## Your instructions
The lines below that include the word "their" are to be reported.

## Material supplied
=== Section Start ===

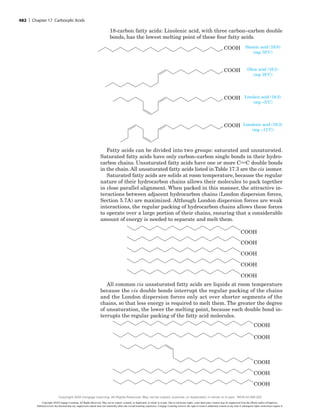 18-carbon fatty acids: Linolenic acid, with three carbon–carbon double
bonds, has the lowest melting point of these four fatty acids.
COOH Stearic acid (18:0)
(mp 708C)
COOH Oleic acid (18:1)
(mp 168C)
COOH Linoleic acid (18:2)
(mp –58C)
COOH Linolenic acid (18:3)
(mp –118C)
Fatty acids can be divided into two groups: saturated and unsaturated.
Saturated fatty acids have only carbon–carbon single bonds in their hydro-
carbon chains. Unsaturated fatty acids have one or more CwC double bonds
in the chain.All unsaturated fatty acids listed in Table 17.3 are the cis isomer.
Saturated fatty acids are solids at room temperature, because the regular
nature of their hydrocarbon chains allows their molecules to pack together
in close parallel alignment. When packed in this manner, the attractive in-
teractions between adjacent hydrocarbon chains (London dispersion forces,
Section 5.7A) are maximized. Although London dispersion forces are weak
interactions, the regular packing of hydrocarbon chains allows these forces
to operate over a large portion of their chains, ensuring that a considerable
amount of energy is needed to separate and melt them.
COOH
COOH
COOH
COOH
COOH
All common cis unsaturated fatty acids are liquids at room temperature
because the cis double bonds interrupt the regular packing of the chains
and the London dispersion forces only act over shorter segments of the
chains, so that less energy is required to melt them. The greater the degree
of unsaturation, the lower the melting point, because each double bond in-
terrupts the regular packing of the fatty acid molecules.
COOH
COOH
COOH
COOH
COOH
482 | Chapter 17 Carboxylic Acids
Copyright 2020 Cengage Learning. All Rights Reserved. May not be copied, scanned, or duplicated, in whole or in part. Due to electronic rights, some third party content may be suppressed from the eBook and/or eChapter(s).
Editorial review has deemed that any suppressed content does not materially affect the overall learning experience. Cengage Learning reserves the right to remove additional content at any time if subsequent rights restrictions require it.
Copyright 2020 Cengage Learning. All Rights Reserved. May not be copied, scanned, or duplicated, in whole or in part. WCN 02-200-202
 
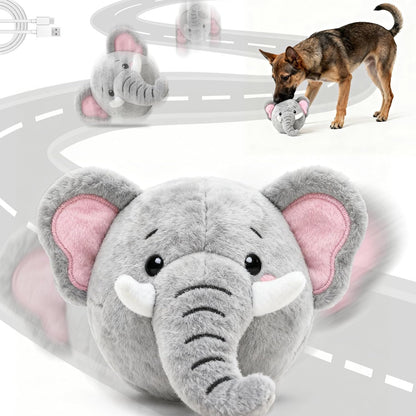 Interactive Dog Toys, Self Moving Dog Toy with Squeaky Bouncing Ball & Jumping Music Recording Mode, Rechargeable Vibrating Dogs Toy for Small Medium Large Dogs to Keep Them Busy (Elephant)1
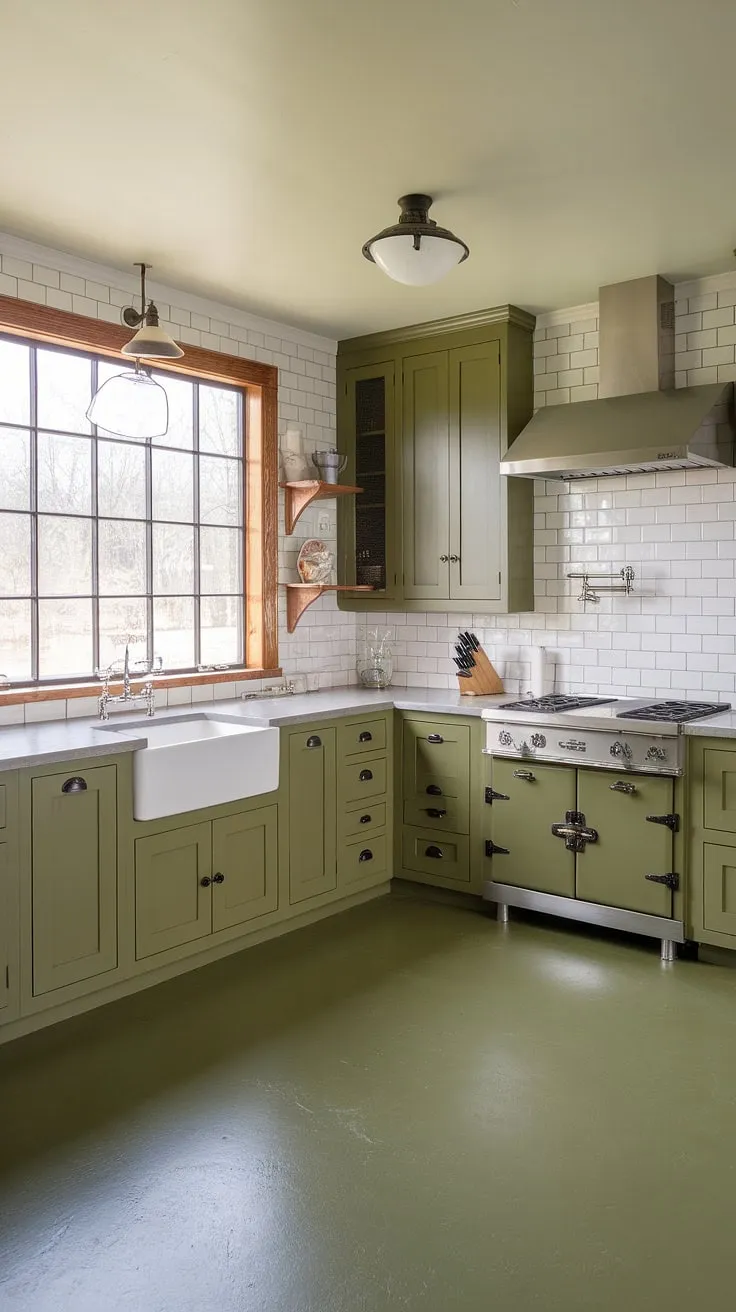 The olive green cabinets, complemented by a stone countertop and subway tile, enhance the spacious feel of this L-shaped kitchen, accented by black hardware and a warm green floor.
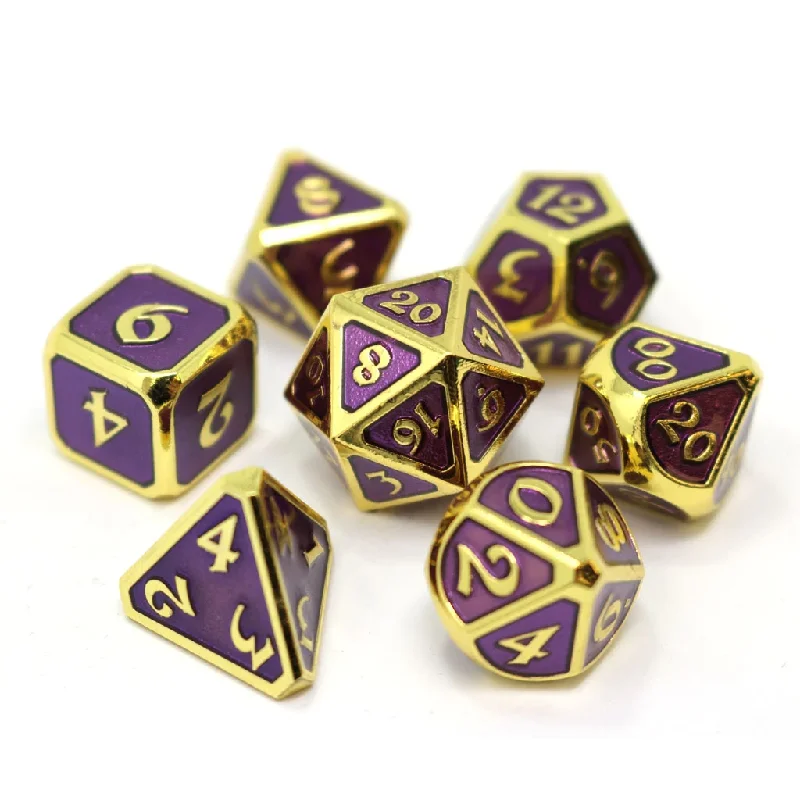 Die Hard Dice Metal RPG Polyhedral Dice Set - Mythica Gold Amethyst [7ct]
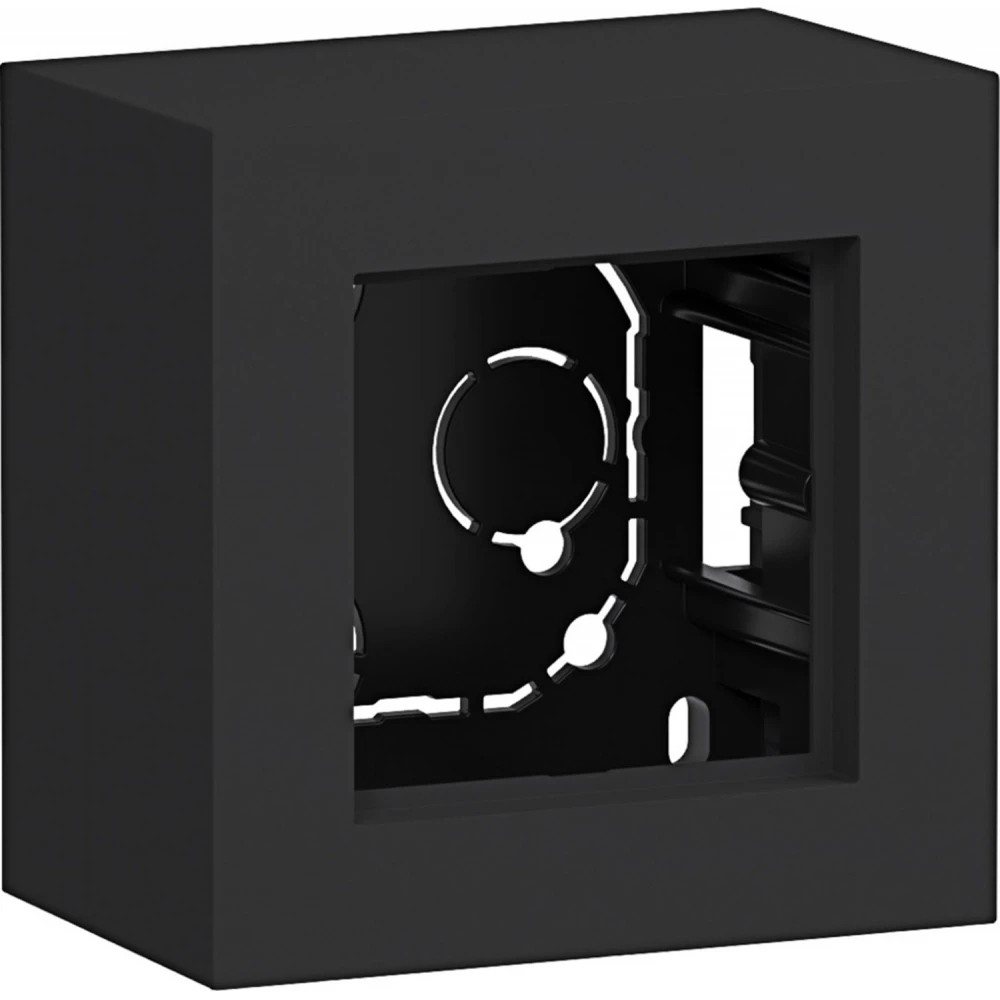 Behuizing, 1-voudig, hoog design, opbouw, A.8, nachtzwart mat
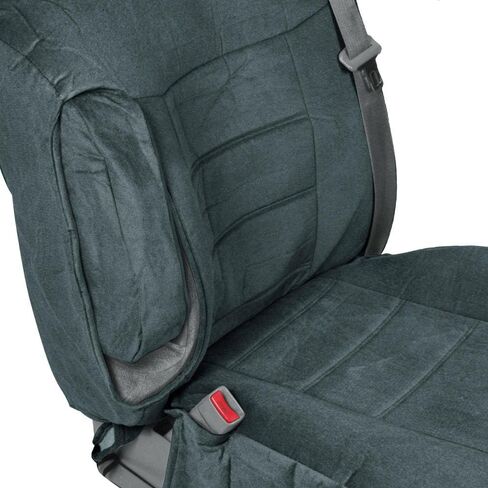 BDK TS-303-CC_AMAUG Velour Fabric Front Seat Cover for Trucks SUV Integrated Armrest TS (Charcoal), 1 Pack in Saudi Arabia
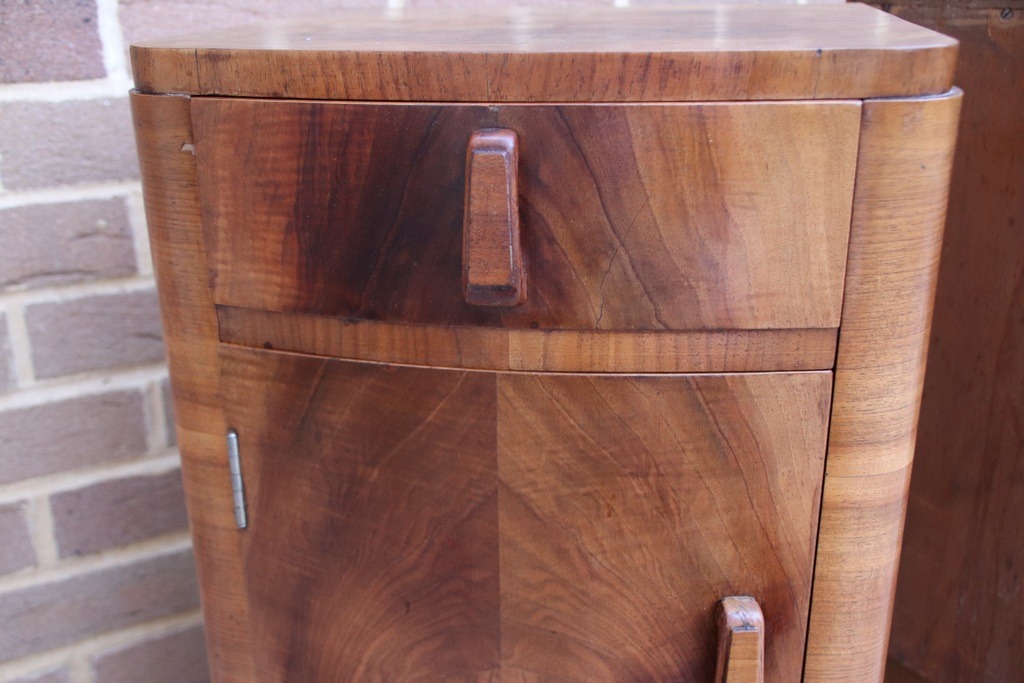 Pair of Art Deco Walnut Bedside Cabinets - Image 22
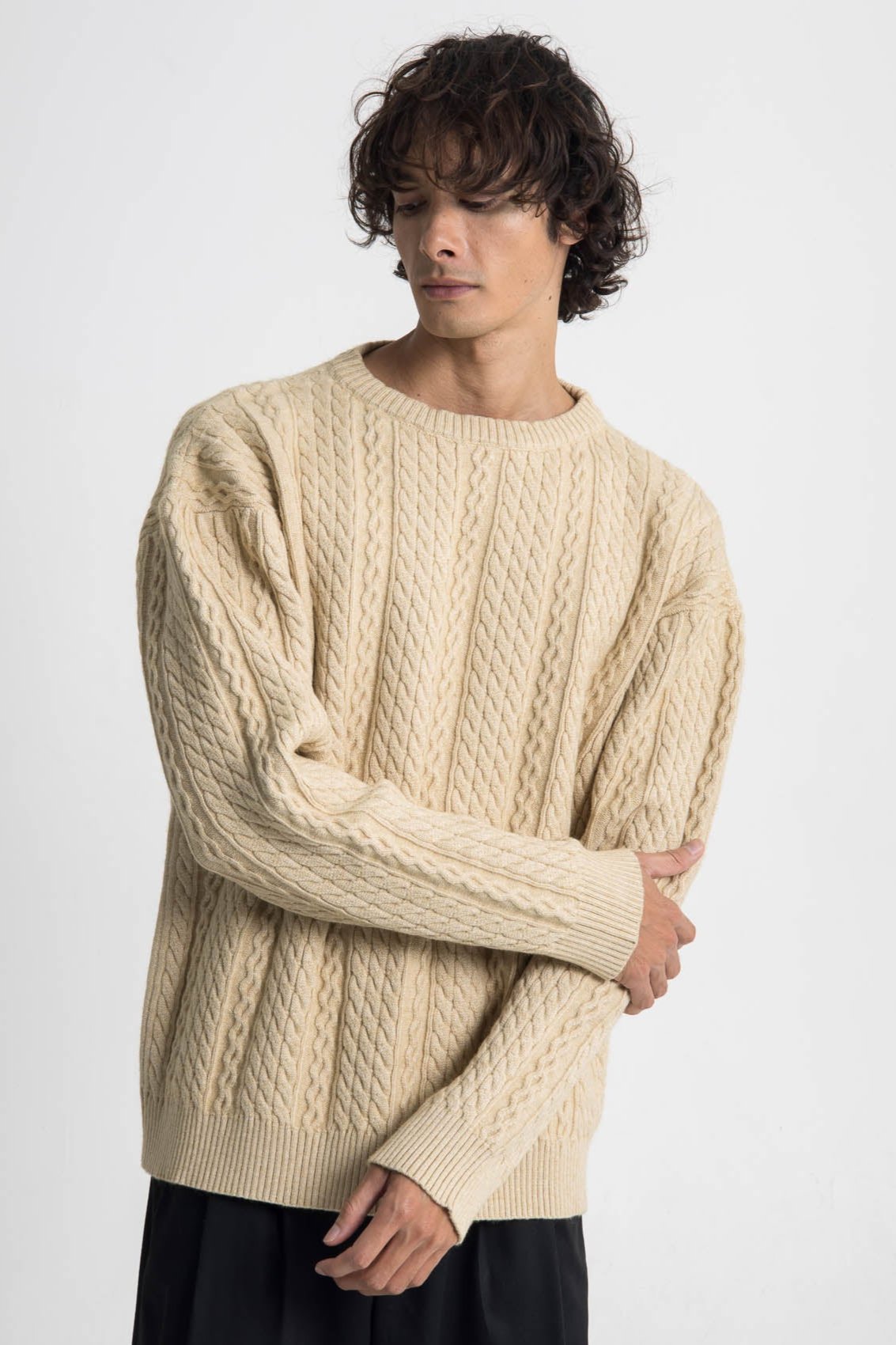 Lost In Nowhere Knit Shirt Cable Knit Sweater - Beige Cable Knit Sweater - Beige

=== Section End ===

## Answer section
Saturated fatty acids have only carbon–carbon single bonds in their hydro-
nature of their hydrocarbon chains allows their molecules to pack together
to operate over a large portion of their chains, ensuring that a considerable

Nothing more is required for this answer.